» Assigned task: Each line below from the "Next, set the" line through the "Hello friends, welcome" line, those two included, must be restated word for word; the pictures must not be.

» Available records:
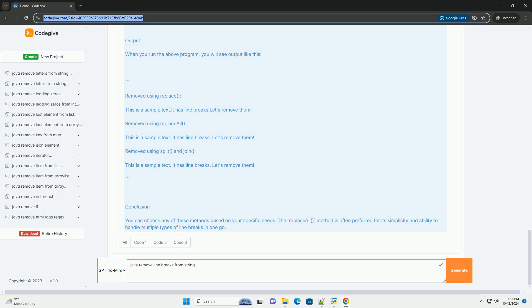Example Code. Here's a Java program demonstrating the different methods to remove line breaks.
* * *
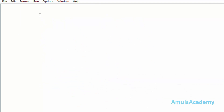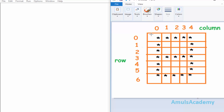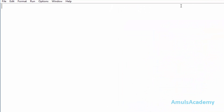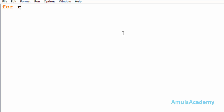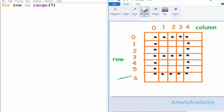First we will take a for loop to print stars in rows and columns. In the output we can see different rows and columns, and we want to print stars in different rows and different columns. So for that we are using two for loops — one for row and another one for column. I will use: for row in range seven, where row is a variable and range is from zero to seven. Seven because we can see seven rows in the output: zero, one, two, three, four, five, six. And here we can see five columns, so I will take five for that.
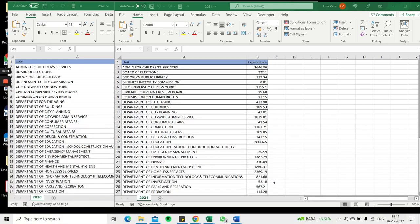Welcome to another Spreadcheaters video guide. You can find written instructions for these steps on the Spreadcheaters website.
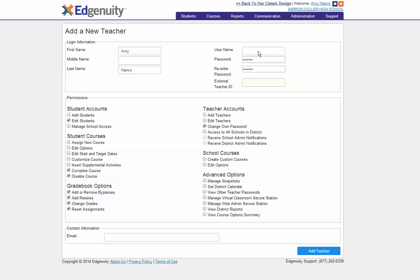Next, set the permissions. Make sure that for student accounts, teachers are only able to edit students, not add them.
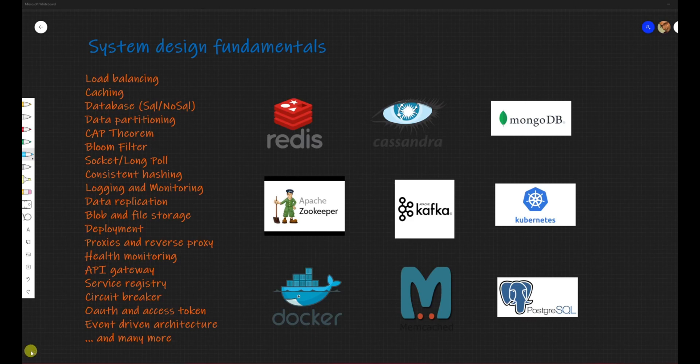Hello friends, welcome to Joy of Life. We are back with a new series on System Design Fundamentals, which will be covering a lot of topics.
==
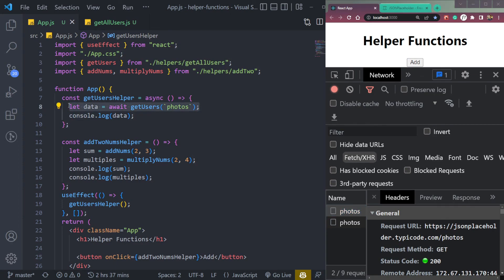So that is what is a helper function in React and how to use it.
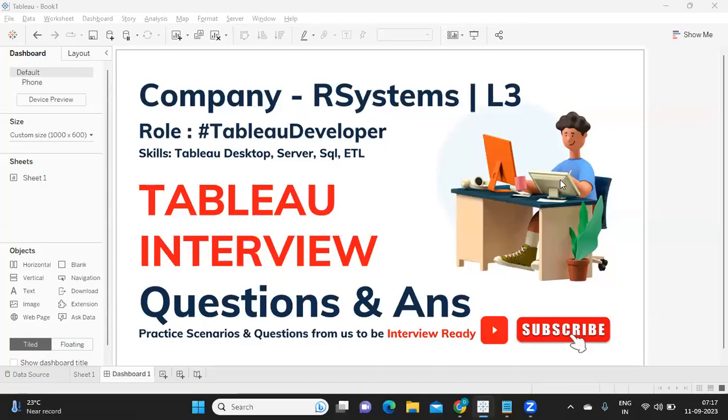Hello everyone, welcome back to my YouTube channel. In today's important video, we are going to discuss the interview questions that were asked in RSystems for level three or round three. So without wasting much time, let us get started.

» Response area:
Next, set the permissions. Make sure that for student accounts, teachers are only able to edit students, not add them.
Hello friends, welcome to Joy of Life. We are back with a new series on System Design Fundamentals, which will be covering a lot of topics.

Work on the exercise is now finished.